Raised on hardcore, surrounded by pop-punk, Reward pitch an interesting spin on modern rock. Maybe this isn’t actually the true story behind the Philadelphia, Pennsylvania rockers, but their latest release, ‘Painted Desperation’, definitely gives this impression.
“Seep” opens the EP with snarling guitars and sizzling cymbals that would be welcome on any Trash Talk track, but the rest of the band quickly hops in to bring about a driving 2-4 beat that would be heard on a “rock” radio station. The five piece group maintains this dichotomy throughout; Reward mix hardcore elements such as screamed lyrics and intense drumming with modern rock traits like layered vocals and guitar solos. This combination of current popular rock trends with hardcore style sounds strikingly reminiscent of the Chicago group, Rise Against. While Reward’s musical synthesis holds similarities to Rise Against, they stray in other areas.
Lyrically, ‘Painted Desperation’ avoids the political and social commentary shared between Rise Against and hardcore bands.

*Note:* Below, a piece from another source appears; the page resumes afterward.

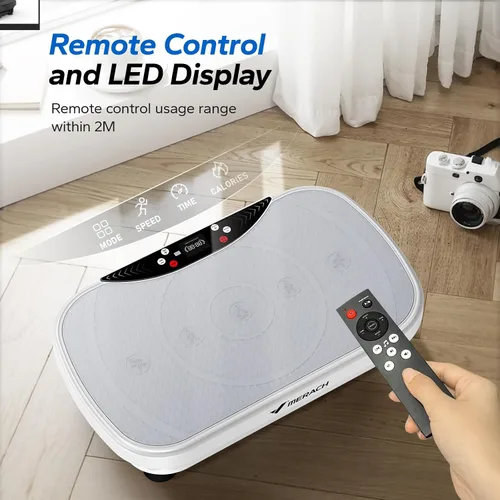 Vista 5 de MERACH Vibration Plate Exercise Machine, Vibration Plate for Lymphatic Drainage Weight Loss, Vibrating Plate Exercise Machine with Bluetooth and LED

Instead, the group tend towards themes of failed relationships and bleak feelings. The hardcore influence and angst-filled lyrics together lean more towards a contemporary pop-punk sound. The snappy verses and hoarse yelling on songs such as “Soft Teeth” call to mind bands ranging from Silverstein to Such Gold that have mixed pop-punk with hardcore elements.
Reward thrive when they are at their most intense. The raspy growls mixed with chugging guitars accomplish an excellent blend with the hooks present throughout the EP. The clean singing doesn’t stand scrutiny quite as well. When the band backs off, the exposed vocals often sound weak and a little uneasy. The attempts at held out vocal riffing prove equally problematic and come out sounding less than amazing. Screaming vocal parts are welcomed as a noticeable upgrade in quality. A greater emphasis on these more hardcore leaning sections could benefit the band.
‘Painted Desperation’ brings together an interesting and effective set of influences. Not only does the band fuse hardcore to popular rock, they also manage to make an Arrested Development reference with “Teamocil.” When the songs focus on radio rock, the EP can start to seem like a somewhat empty attempt to bring hardcore to modern rock, but when the group gets in gear they pack plenty of punch. The closer, “Hooked,” ends the EP with one of the most passionate moments on the album that leaves the group in the best light possible. If Reward can continue this intensity, they’ve definitely got more ahead in their future.